Even if ratings agencies are a necessary evil, do they have to be so shite? By this I don't mean the jaw-droppingly obvious (and very lucrative) conflict of interest that saw them being paid by sub-prime debt salesmen to rate the self same sub-prime debt. And its not the fact the AAA ratings they actually awarded (which increased the debt's value and enabled it to be sold) turned out to be completely wrong either (ahh, but that was the credit rating, not its liquidity rating or some such bollocks said the rating agency PR department in the earlier stages of the crunch). Nah, I'm more thinking more about their general stupidity as opposed to collosal incompetence.

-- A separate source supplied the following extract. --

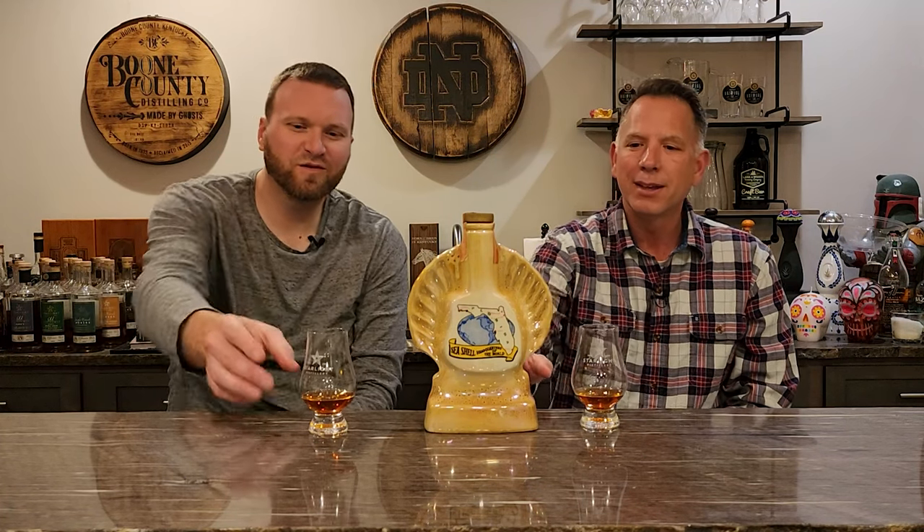One thing on these decanters — you will get a lot of evaporation, so there's not a ton in this bottle because it's old. This is from 1968, seven years before I was born. This is actually a year older than the Old Crow Chessmen we had previously. Now let's do some nosing.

So there was me listening in on a conference call hosted by one of the big 3 global rating agencies on the future of UK high street banking. To quickly summarise the view presented by the agency (1) UK high street banking has seen a long term trend towards concentration and (2) the sell-off of primarily retail bank assets being forced on the two banks that have received the most state aid, by allowing new entrants into the market, could well see the fundamental restructuring of the market into one with more big players and more competition. This mattered because in the rating agency's (woefully simplistic) view more competition = less profit.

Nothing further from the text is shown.